Re: [patch for-5.3 0/4] revert immediate fallback to remote hugepages

David Rientjes <rientjes@xxxxxxxxxx> · Tue, 1 Oct 2019 13:31:45 -0700 (PDT)

On Tue, 1 Oct 2019, Vlastimil Babka wrote:

> diff --git a/mm/mempolicy.c b/mm/mempolicy.c
> index 4ae967bcf954..2c48146f3ee2 100644
> --- a/mm/mempolicy.c
> +++ b/mm/mempolicy.c
> @@ -2129,18 +2129,20 @@ alloc_pages_vma(gfp_t gfp, int order, struct vm_area_struct *vma,
>  		nmask = policy_nodemask(gfp, pol);
>  		if (!nmask || node_isset(hpage_node, *nmask)) {
>  			mpol_cond_put(pol);
> +			/*
> +			 * First, try to allocate THP only on local node, but
> +			 * don't reclaim unnecessarily, just compact.
> +			 */
>  			page = __alloc_pages_node(hpage_node,
> -						gfp | __GFP_THISNODE, order);
> +				gfp | __GFP_THISNODE | __GFP_NORETRY, order);

The page allocator has heuristics to determine when compaction should be 
retried, reclaim should be retried, and the allocation itself should retry 
for high-order allocations (see PAGE_ALLOC_COSTLY_ORDER).  
PAGE_ALLOC_COSTLY_ORDER exists solely to avoid poor allocator behavior 
when reclaim itself is unlikely -- or disruptive enough -- in making that 
amount of contiguous memory available.

Rather than papering over the poor feedback loop between compaction and 
reclaim that exists in the page allocator, it's probably better to improve 
that and determine when an allocation should fail or it's worthwhile to 
retry.  That's a separate topic from NUMA locality of thp.
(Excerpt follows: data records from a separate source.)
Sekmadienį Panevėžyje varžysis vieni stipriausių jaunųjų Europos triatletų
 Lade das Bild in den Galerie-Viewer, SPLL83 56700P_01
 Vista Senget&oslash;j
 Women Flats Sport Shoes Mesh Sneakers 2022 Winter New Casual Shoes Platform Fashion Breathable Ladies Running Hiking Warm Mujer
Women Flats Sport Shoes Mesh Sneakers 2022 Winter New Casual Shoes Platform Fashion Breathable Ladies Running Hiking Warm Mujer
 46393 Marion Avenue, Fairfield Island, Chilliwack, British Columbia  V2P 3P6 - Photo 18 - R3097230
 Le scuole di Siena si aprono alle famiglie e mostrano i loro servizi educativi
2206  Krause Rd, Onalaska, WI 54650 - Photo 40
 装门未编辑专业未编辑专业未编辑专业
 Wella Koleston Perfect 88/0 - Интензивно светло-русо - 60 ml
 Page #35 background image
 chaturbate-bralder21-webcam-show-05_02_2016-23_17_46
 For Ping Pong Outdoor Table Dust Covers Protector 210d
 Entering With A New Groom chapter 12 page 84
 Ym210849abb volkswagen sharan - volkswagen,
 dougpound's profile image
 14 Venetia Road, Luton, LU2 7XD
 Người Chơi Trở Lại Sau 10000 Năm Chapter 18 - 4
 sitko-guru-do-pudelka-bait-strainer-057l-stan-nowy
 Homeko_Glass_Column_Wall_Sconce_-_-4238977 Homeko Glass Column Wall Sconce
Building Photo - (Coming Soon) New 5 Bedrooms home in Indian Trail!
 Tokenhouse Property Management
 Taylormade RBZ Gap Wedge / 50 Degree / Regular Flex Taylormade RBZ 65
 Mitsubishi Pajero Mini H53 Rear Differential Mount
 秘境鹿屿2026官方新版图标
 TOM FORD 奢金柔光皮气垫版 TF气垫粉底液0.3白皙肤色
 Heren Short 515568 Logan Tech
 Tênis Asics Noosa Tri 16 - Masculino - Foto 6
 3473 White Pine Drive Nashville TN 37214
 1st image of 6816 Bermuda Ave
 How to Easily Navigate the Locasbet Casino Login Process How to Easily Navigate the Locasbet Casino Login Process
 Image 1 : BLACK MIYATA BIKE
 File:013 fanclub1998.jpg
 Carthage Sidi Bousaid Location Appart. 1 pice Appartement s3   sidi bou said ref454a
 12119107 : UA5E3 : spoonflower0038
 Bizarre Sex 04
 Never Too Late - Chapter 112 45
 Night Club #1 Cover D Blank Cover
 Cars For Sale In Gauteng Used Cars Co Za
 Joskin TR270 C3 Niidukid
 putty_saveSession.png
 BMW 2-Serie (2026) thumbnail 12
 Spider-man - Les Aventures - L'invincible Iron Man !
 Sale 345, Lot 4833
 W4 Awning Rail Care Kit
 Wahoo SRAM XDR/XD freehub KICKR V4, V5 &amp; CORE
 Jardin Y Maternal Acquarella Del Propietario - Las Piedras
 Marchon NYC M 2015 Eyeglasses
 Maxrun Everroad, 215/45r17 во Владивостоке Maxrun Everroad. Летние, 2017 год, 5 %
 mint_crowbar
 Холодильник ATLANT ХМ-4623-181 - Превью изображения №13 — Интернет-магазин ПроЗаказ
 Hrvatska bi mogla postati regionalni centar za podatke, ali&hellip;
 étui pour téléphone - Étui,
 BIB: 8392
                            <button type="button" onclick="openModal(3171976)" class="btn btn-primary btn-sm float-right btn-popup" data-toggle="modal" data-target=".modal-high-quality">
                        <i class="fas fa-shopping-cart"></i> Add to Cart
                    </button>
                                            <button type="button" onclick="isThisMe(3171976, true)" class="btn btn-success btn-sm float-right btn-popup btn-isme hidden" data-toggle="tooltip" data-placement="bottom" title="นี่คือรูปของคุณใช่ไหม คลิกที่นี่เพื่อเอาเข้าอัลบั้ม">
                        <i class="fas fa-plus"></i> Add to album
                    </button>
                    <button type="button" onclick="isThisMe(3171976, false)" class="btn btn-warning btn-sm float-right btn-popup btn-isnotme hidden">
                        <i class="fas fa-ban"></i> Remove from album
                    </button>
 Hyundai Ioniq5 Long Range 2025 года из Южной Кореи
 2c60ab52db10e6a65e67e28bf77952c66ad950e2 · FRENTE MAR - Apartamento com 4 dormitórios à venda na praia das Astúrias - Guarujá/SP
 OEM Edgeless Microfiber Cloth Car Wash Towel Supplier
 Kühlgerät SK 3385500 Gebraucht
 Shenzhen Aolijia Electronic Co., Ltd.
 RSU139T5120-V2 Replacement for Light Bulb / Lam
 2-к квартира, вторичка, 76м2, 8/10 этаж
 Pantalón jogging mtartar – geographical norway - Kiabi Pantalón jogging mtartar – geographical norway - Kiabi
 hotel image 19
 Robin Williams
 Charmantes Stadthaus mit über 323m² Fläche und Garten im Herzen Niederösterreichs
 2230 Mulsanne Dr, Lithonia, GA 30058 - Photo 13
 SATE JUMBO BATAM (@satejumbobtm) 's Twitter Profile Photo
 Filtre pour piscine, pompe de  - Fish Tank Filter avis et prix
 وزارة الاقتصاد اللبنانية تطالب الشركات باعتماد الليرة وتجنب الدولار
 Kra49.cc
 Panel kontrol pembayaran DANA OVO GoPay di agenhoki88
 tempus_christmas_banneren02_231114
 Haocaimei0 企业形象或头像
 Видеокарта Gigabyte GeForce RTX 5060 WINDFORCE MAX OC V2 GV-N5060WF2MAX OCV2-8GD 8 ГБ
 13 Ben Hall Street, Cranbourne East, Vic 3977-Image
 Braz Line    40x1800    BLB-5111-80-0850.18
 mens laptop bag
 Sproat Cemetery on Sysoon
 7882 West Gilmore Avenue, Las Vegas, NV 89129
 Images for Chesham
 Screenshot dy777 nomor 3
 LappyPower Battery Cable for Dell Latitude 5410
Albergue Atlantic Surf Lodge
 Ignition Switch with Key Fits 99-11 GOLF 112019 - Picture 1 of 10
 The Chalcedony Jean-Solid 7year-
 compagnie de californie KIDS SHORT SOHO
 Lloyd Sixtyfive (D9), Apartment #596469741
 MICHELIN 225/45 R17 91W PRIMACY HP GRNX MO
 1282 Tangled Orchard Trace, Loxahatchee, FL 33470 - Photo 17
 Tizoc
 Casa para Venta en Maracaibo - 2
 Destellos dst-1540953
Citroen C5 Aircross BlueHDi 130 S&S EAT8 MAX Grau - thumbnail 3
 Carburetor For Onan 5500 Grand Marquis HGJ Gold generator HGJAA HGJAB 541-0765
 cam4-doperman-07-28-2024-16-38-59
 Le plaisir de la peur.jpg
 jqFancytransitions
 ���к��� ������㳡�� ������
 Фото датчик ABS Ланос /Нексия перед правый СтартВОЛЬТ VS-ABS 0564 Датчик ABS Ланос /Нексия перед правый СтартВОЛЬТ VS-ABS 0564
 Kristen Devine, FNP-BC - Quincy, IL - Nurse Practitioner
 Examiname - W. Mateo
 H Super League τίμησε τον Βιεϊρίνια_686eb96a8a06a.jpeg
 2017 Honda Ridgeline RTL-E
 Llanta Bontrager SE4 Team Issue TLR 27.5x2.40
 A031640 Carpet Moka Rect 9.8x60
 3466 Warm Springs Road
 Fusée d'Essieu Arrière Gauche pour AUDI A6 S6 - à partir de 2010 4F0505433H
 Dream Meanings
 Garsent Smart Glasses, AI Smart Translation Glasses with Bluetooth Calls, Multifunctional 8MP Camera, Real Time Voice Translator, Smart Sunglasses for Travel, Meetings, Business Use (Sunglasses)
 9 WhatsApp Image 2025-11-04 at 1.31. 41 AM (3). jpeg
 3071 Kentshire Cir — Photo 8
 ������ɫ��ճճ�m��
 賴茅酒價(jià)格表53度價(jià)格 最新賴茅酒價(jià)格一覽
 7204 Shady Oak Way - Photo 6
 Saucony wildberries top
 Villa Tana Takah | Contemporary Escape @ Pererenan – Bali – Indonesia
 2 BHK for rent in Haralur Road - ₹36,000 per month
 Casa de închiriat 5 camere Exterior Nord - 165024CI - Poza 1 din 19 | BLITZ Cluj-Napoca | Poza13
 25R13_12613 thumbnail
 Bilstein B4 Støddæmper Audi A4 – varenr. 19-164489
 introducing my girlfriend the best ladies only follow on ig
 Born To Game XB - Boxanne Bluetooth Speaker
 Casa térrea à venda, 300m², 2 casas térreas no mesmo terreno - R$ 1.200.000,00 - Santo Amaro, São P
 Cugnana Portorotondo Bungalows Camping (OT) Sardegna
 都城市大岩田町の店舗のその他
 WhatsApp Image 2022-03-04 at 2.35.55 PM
In other words, we should likely address how compaction and reclaim is 
done for all high order-allocations in the page allocator itself rather 
than only here for hugepage allocations and relying on specific gfp bits 
to be set.  Ask: if the allocation here should not retry regardless of why 
compaction failed, why should any high-order allocation (user or kernel) 
retry if compaction failed and at what order we should just fail?  If 
hugetlb wants to stress this to the fullest extent possible, it already 
appropriately uses __GFP_RETRY_MAYFAIL.

The code here is saying we care more about NUMA locality than hugepages 
simply because that's where the access latency is better and is specific 
to hugepages; allocation behavior for high-order pages needs to live in 
the page allocator.

>  
>  			/*
> -			 * If hugepage allocations are configured to always
> -			 * synchronous compact or the vma has been madvised
> -			 * to prefer hugepage backing, retry allowing remote
> -			 * memory as well.
> +			 * If that fails, allow both compaction and reclaim,
> +			 * but on all nodes.
>  			 */
> -			if (!page && (gfp & __GFP_DIRECT_RECLAIM))
> +			if (!page)
>  				page = __alloc_pages_node(hpage_node,
> -						gfp | __GFP_NORETRY, order);
> +								gfp, order);
>  
>  			goto out;
>  		}

We certainly don't want this for non-MADV_HUGEPAGE regions when thp 
enabled bit is not set to "always".  We'd much rather fallback to local 
native pages because of its improved access latency.  This is allowing all 
hugepage allocations to be remote even without MADV_HUGEPAGE which is not 
even what Andrea needs: qemu uses MADV_HUGEPAGE.